Солдату Отто Теск 6-й роты 4-го полка 32-й немецкой пехотной дивизии пишет Фрида Путц из Гюльтце у Альтентрептова, округ Деммин, 30 апреля 1942 г.: «…Здесь в среду опять похоронили двух русских. Их теперь здесь на кладбище погребено уже пятеро, и двое уже опять при смерти. Да и что им жить, следовало бы их всех перебить…»

Преступное правительство Германии организовало куплю-продажу превращенных в рабов советских граждан. За небольшую плату, не превышающую 10–15 марок за человека, каждый немец может приобрести себе рабов. В Германии учреждены невольничьи рынки. Здесь, как во времена рабовладельческого строя, покупатели рабов пробуют мускулы на руках и ногах у продаваемых в рабство советских граждан, обменивают изнуренных беспощадной эксплуатацией рабов на более крепких.

Унтер-офицеру Иосифу Виккерт, п/п № 261 873, его жена Мария Виккерт из Франквейлера пишет: «…Я тебе еще не сообщала о получении посланных тобой 100 марок. Я тут же отдала их твоей матери, чтобы она могла купить пленных. Теперь это не так дорого».

Старшему ефрейтору Францу Кнаппе, п/п № 08 999, пишет жена Рут Кнаппе, из Грумма в Ангальте: «…Украинца у меня больше нет… он ничего не хотел слушать и был страшный лентяй. Теперь он у Герберта. Мы хотели посмотреть, не подойдет ли он в более крупном хозяйстве, но и там он то же самое.

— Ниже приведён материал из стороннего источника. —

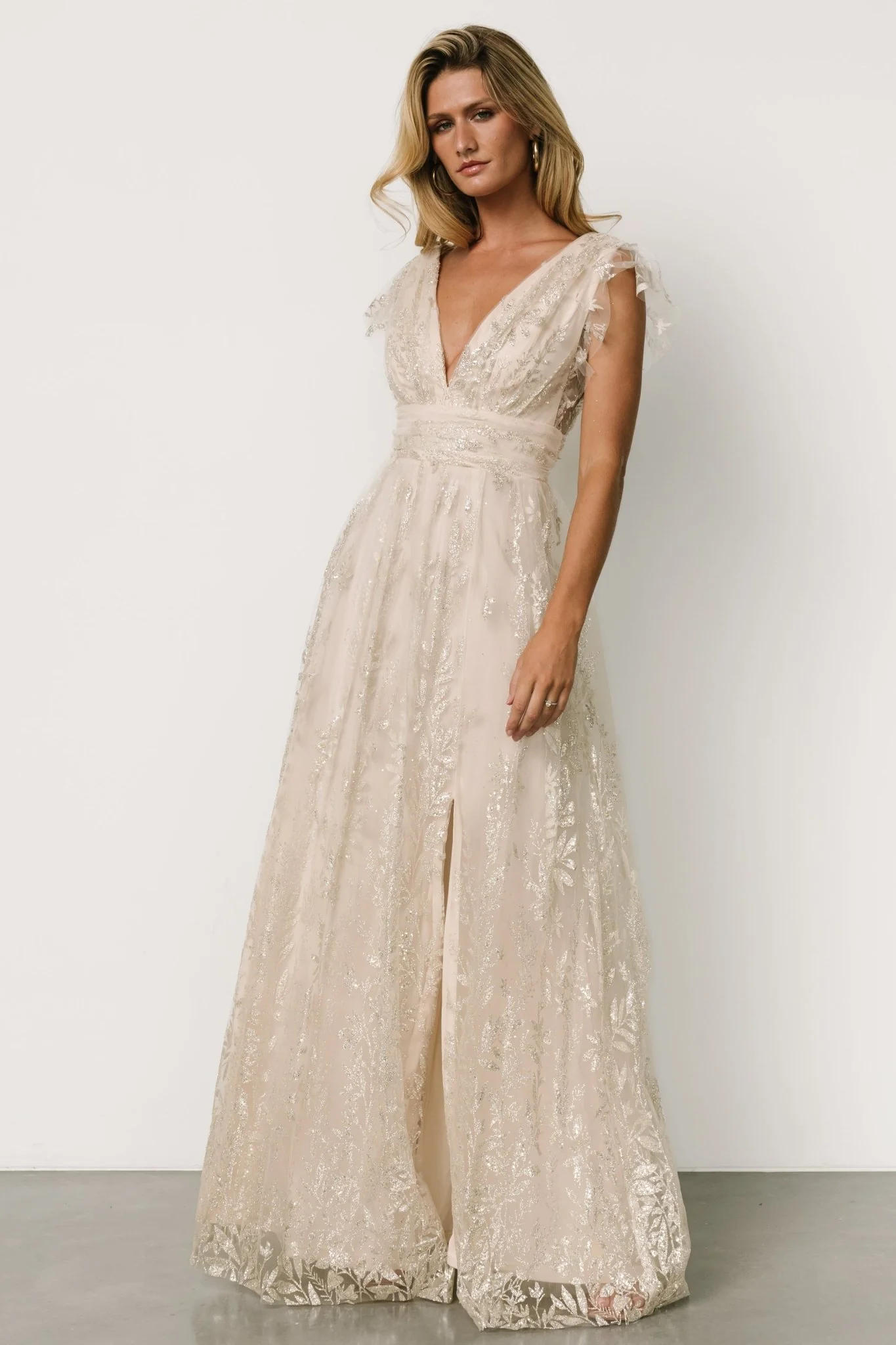 Karina Shimmer Gown | Ivory + Silver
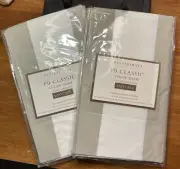 NEW Pottery Barn Awning Stripe Beige Tan Standard Cotton Pillow Sham Set of 2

Я сообщила об этом по телефону в Бюро труда. Но когда прибудет новый транспорт, они мне сказать не могли. Герберт пока его держит, а потом обменяет его».

В руках рабовладельцев советские граждане подвергаются нечеловеческим жестокостям и эксплуатации. Советские граждане на ночь запираются в холодные кладовые и сараи. Их кормят впроголодь и истязают непосильной работой. Над советскими людьми издеваются, всячески подавляя в них человеческое достоинство. 16-летняя девушка Валя Демушкина возвратилась на родину из Нюрнберга. Она рассказала: «Я работала у немки. Муж ее, обер-лейтенант Карл Штокк, убит на Восточном фронте, под Сталинградом. 1 января 1943 г. у фрау Штокк на новогодний обед должны были прийти гости. Поглощенная работой и своими невеселыми думами, я не заметила, как закипело и начало литься на электрическую плитку молоко, поставленное кухаркой. По кухне распространился запах угара. Разъяренная барыня ворвалась в кухню, вырвала из моих рук кастрюлю с остатком молока и плеснула мне в лицо. Я потеряла сознание. Очнулась в больнице и ощутила невыносимую боль и мрак. Я ослепла. Три недели пролежала в больнице и потом долго пробиралась обратно на родину».

Надя С., 16 лет, ученица 9-го класса одной средней школы Ворошиловградской области, пишет: «Немцы насильно отправили почти всю нашу молодежь на каторжные работы в Германию. На вокзале во время отъезда стоял стон и плач. Плакали отъезжающие и провожающие. Меня и еще 16 девушек направили в город Швац. Здесь происходила самая настоящая торговля русскими людьми. Немцы и немки поворачивали нас во все стороны, мерили и ощупывали. Меня купил булочник Карл В. Он заставлял меня работать с 6 часов утра до поздней ночи. Хотя я и жила у булочника, но хлеб кушала редко. Каждый день я мыла пол, стирала утром и вечером, нянчила детей, одевала их. Фрау была не очень злая — толкнет, ущипнет или по голове ударит, но не очень больно. Только было обидно, как вспомнишь, что училась в восьмом классе, изучала французский язык, историю, а тут сама стала рабыней, как в период римского владычества. От непосильного труда, голода и побоев я заболела. Оправившись немного, я бежала на родину. В Брест-Литовске меня задержали и посадили в концлагерь. В этом лагере, в полуразрушенных сараях, томились тысячи советских граждан. Ежедневно из лагеря выносили 10–15 трупов…»

Немецкие рабовладельцы часто откровенно хвастают своими зверствами над советскими людьми. Подрядчик Лоренс Шпеер пишет своему зятю солдату Иозефу Шпееру: «У нас теперь работает украинская девка 19 лет. Будь спокоен — она будет работать. В воскресенье в деревню прибудет еще 20 русских. Я возьму себе несколько штук…» Ефрейтор 7-й немецкой пехотной дивизии Вильгельм Гаусман получил письмо от матери из Швейхаузена:

«У нас на молочной ферме тоже есть шесть русских. Их на ночь там запирают. Среди них юноши 14–15 лет. Не беспокойся, они смогут работать».